Le rejet du projet européen pour la brevetabilité

    Comme, en Europe, le principe de la non-brevetabilité des logiciels est susceptible d’interprétations différentes par les offices nationaux (i.e. les administrations traitant les demandes de brevet) et par les tribunaux, en particulier en ce qui concerne les approches contournant l’interdit, telles que celle exposée plus haut, l’utilité d’une directive permettant une harmonisation européenne peut aisément être admise. Une meilleure législation aurait dû permettre de renforcer la sécurité juridique des acteurs économiques.

    Le parlement européen a, en juillet 2005 rejeté une “proposition de directive du parlement européen et du conseil concernant la brevetabilité des inventions mises en oeuvre par ordinateur” émanant de la Commission, au terme d'une procédure de plusieurs années. Nous avons soutenu ce rejet, car une des dispositions de ce projet de directive, énonçant que "les états membres veillent à ce qu’une invention mise en oeuvre par ordinateur puisse être revendiquée” était trop contestable dans la mesure où elle était seulement contrebalancée par l’exigence que la possibilité de breveter soit subordonnée à l’existence d’une “contribution technique”. Cette dernière notion était extrêmement ambiguë, puisque rien n’interdisait de considérer que tout programme d’ordinateur est par nature une contribution technique! Le domaine d’application des “brevets logiciels” selon ce projet de directive aurait donc pu être très vaste, et tout aussi sujet à des interprétations variées que dans le régime présent.

    Pour quelle raison les brevets d’invention ont-ils été inventés? Pour protéger les investissements des inventeurs, en leur accordant un monopole, en échange d’une description de leur invention et du paiement de redevances. La justification de cette exception à la liberté (des concurrents de l’inventeur) d’entreprendre et de commercer, est le bénéfice que tire la société de l’activité de R&D stimulée par la possibilité d’accéder à ce monopole. Dans le domaine des réalisations matérielles, la protection par brevet est indispensable, car un principe innovant résultant d’un long travail pourrait être aisément adapté et fabriqué par un concurrent qui aurait seulement eu à examiner un exemplaire fabriqué. Dans le domaine du logiciel cependant, rien de tel. Si l’on met de côté la copie pure et simple, l’examen d’un logiciel ou d’un progiciel ne confère en aucune façon la possibilité de devenir l’éditeur d’un produit voisin : les algorithmes internes ne sont pas révélés, et le code source est à créer en partant de zéro.
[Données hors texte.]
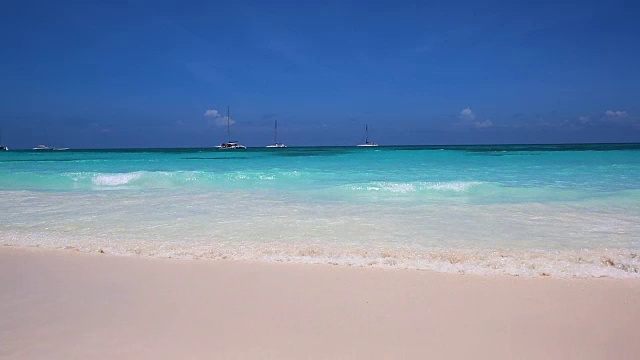 在加勒比海岛屿的白色沙滩上翻滚的波浪。地平线上的游艇视频下载
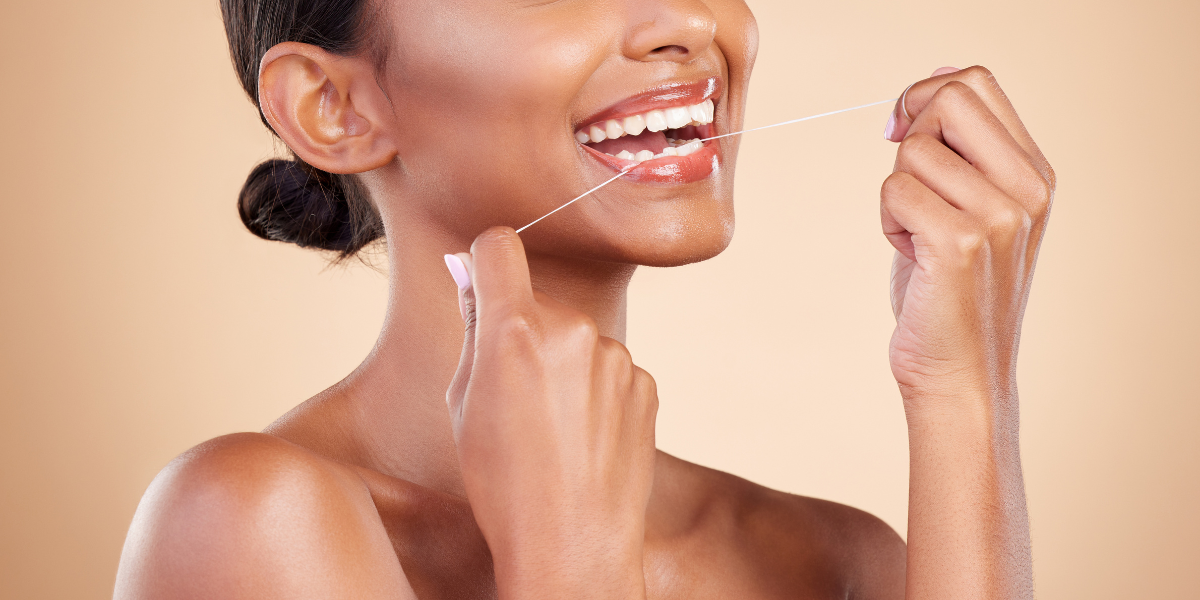 MABLE Blog post: reasons you should brush your teeth, woman flossing her teeth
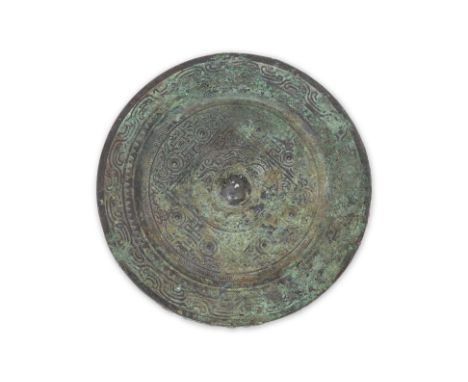 A BRONZE 'TLV' MIRROR
Han dynasty, circular mirror with geometric pattern to interior, triangular and wave borders
18cm diame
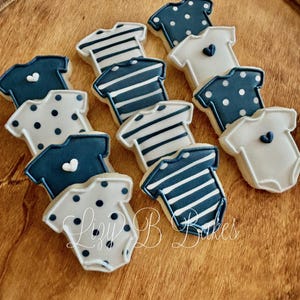 May include: A collection of onesie-shaped sugar cookies decorated with royal icing in navy blue and white. The designs include horizontal stripes, polka dots, and solid colors with small heart accents. The text Lizy B Bakes is visible.
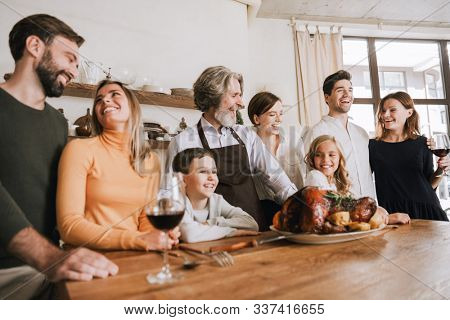 Smiling big family celebraring Christmas together, standing at the kitchen table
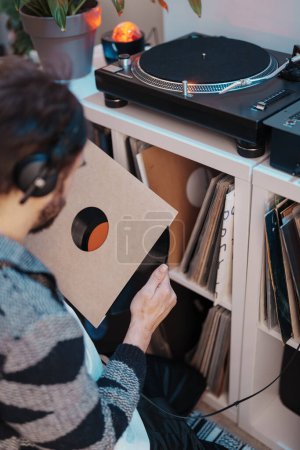 Audiophile with headphones selects a vinyl record from a shelf to play on a turntable.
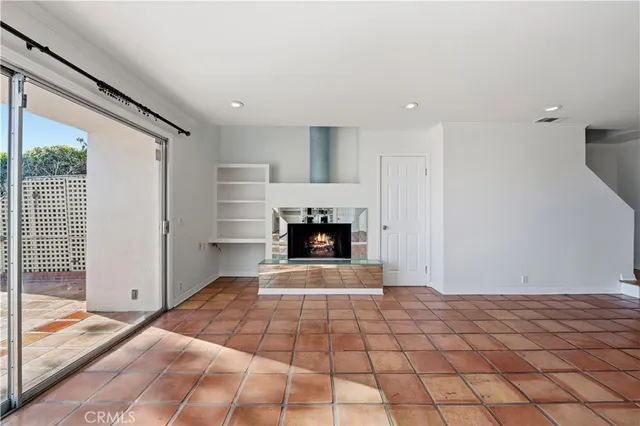 a bedroom with a bed and a fireplace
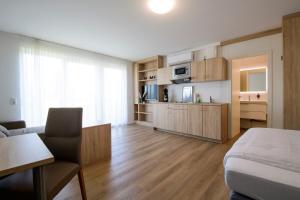 萨尔路易斯Smart & Stay Aparthotel Saarlouis Lisdorf - Self-Check-In - Free Parking的一间带一张床的房间和一间带厨房的客厅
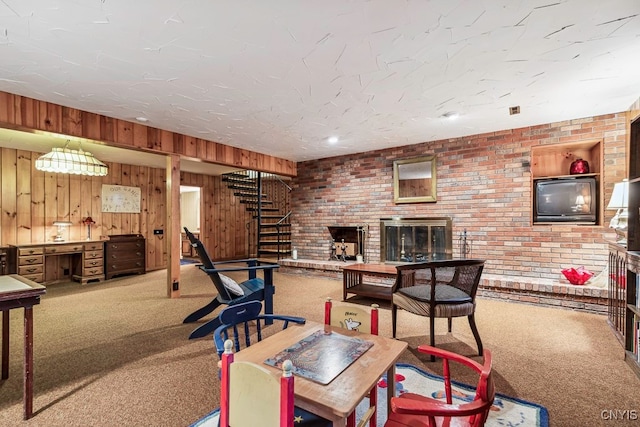 rec room featuring brick wall, wooden walls, a brick fireplace, and carpet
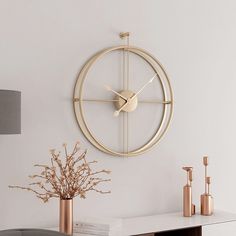 a clock is hanging on the wall next to a vase with some flowers in it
Une protection des logiciels par des brevets n'est donc pas utile, et n'est pas susceptible de stimuler l'activité de développement.

    Si nous nous référons aux points exposés plus haut sur la législation américaine, nous pouvons même prédire que les effets macroéconomiques de la législation proposée pour l’Union Européenne auraient été néfastes :

  1. augmentation des coûts de développement des logiciels en Europe, dans une période où ces coûts sont tels que le développement offshore se développe,
  2. détérioration de la sécurité juridique des éditeurs,
  3. diminution de la concurrence,
  4. possibilité offerte aux forts de bloquer l’évolution technique sans pour autant développer de logiciels.

    Les seuls bénéficiaires de la législation proposée eussent donc été : de grands éditeurs de progiciels, les cabinets de conseil en propriété industrielle, et les administrations chargées de traiter les demandes de brevet, par exemple l’Office européen des brevets (OEB). La décision du Parlement européen a donc été fort sage.